### WHAT TO WORK ON
An exact restatement of the data is required, with the images omitted.

Crawled caption data
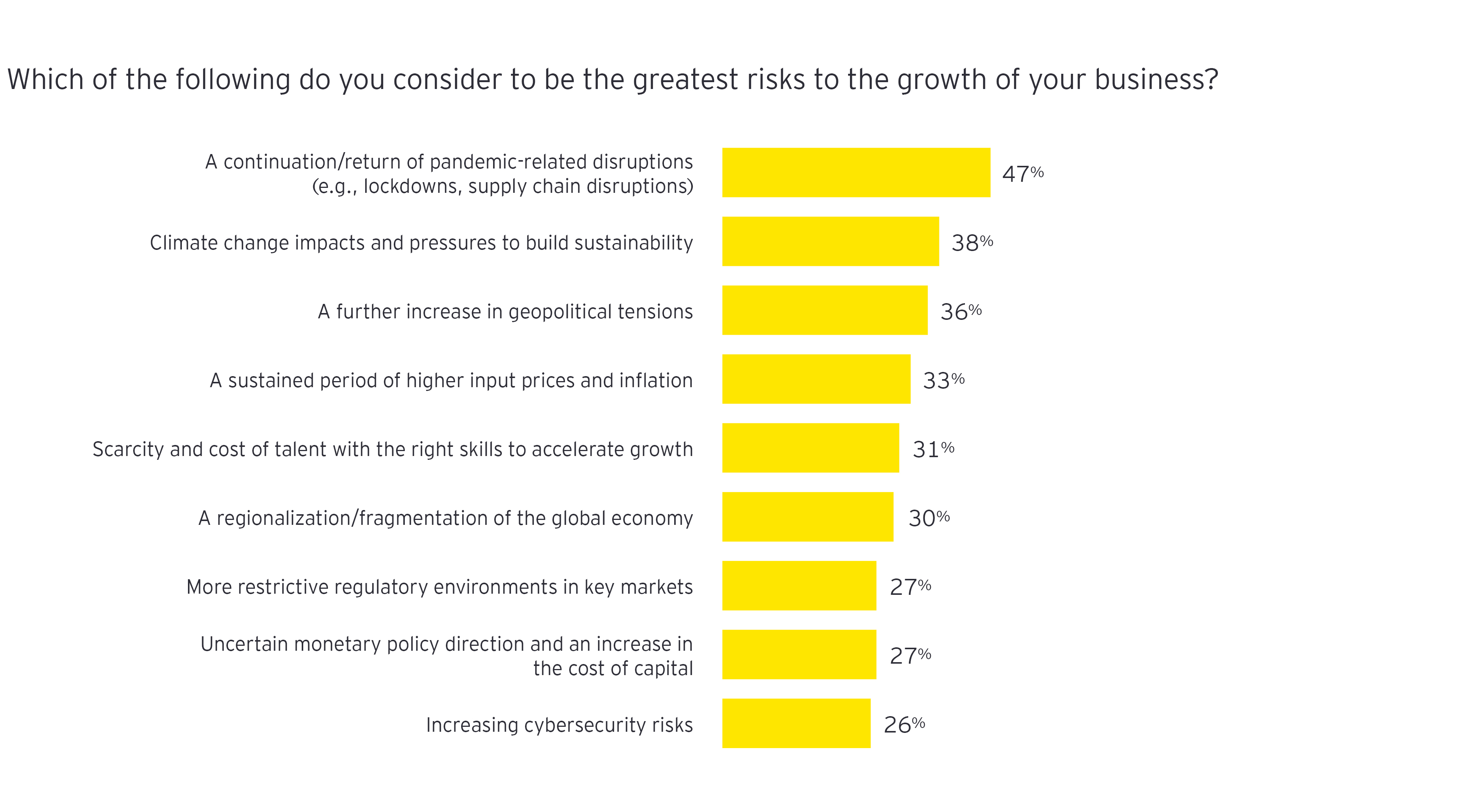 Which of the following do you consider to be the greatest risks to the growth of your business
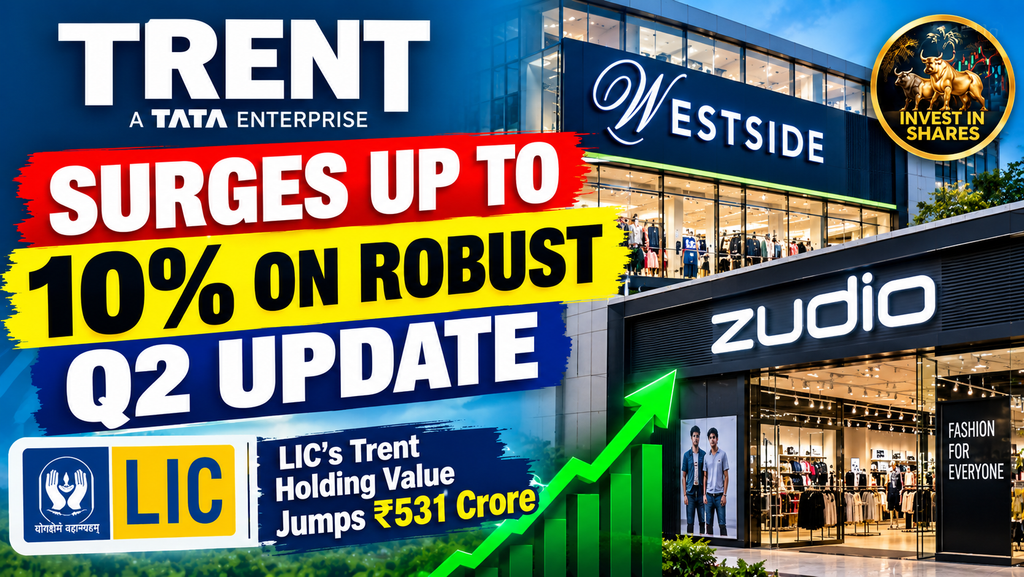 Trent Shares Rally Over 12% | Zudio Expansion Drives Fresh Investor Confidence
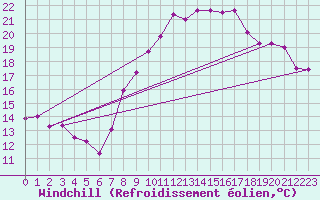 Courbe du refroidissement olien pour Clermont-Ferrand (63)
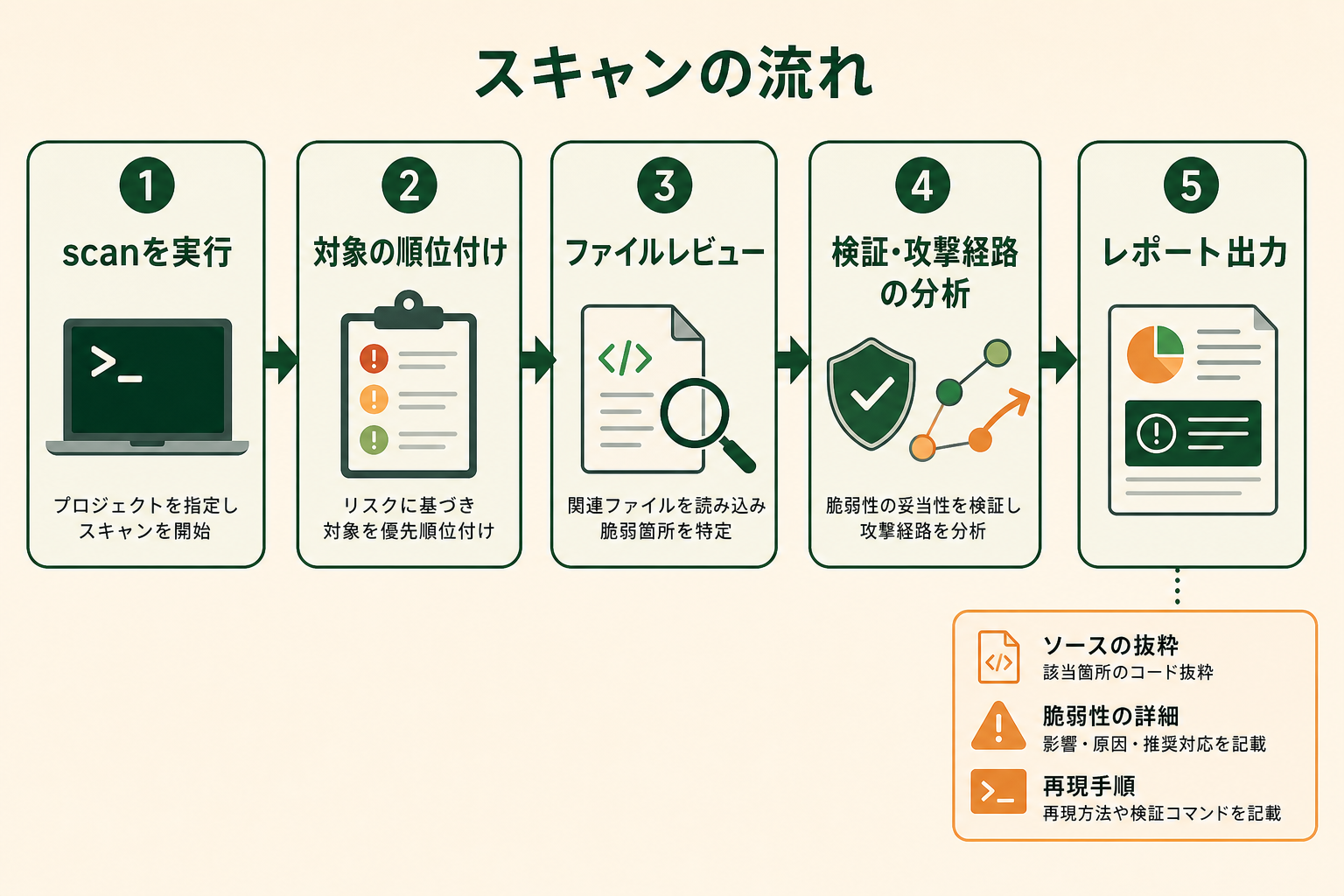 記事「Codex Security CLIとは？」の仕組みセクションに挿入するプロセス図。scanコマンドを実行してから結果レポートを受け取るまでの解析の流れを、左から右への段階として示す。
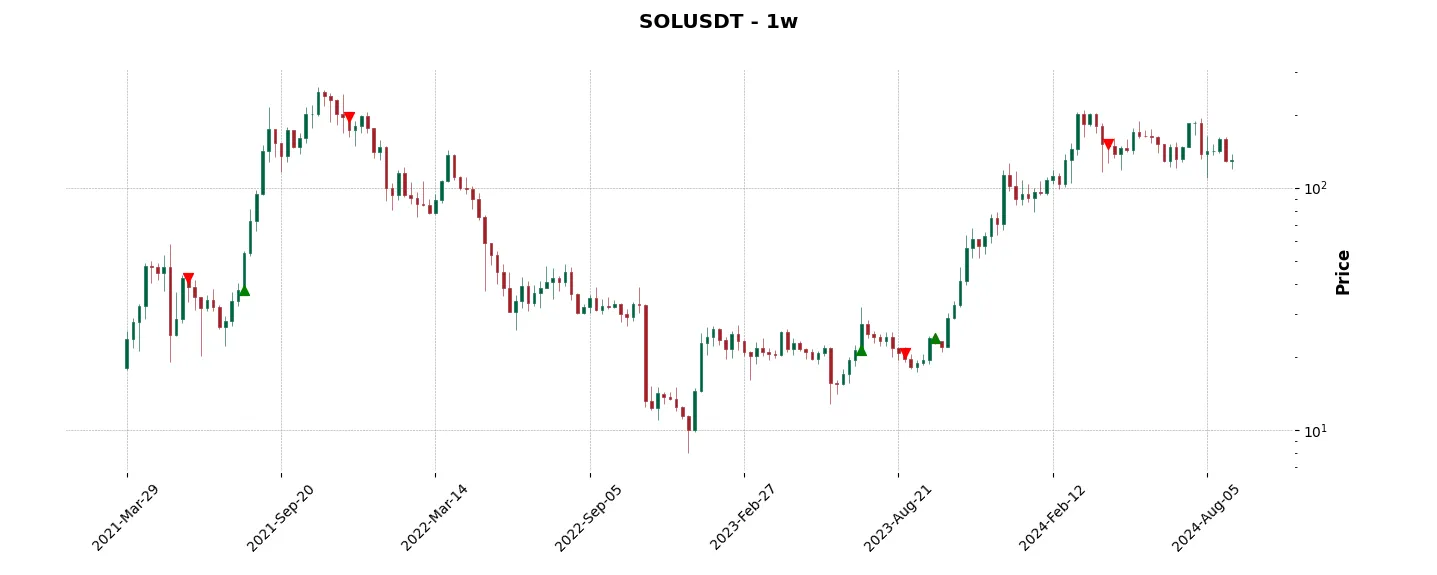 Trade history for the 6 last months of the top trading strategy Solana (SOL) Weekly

### RESULT OF THIS EXERCISE
 Which of the following do you consider to be the greatest risks to the growth of your business
 Trent Shares Rally Over 12% | Zudio Expansion Drives Fresh Investor Confidence
 Courbe du refroidissement olien pour Clermont-Ferrand (63)
 記事「Codex Security CLIとは？」の仕組みセクションに挿入するプロセス図。scanコマンドを実行してから結果レポートを受け取るまでの解析の流れを、左から右への段階として示す。
 Trade history for the 6 last months of the top trading strategy Solana (SOL) Weekly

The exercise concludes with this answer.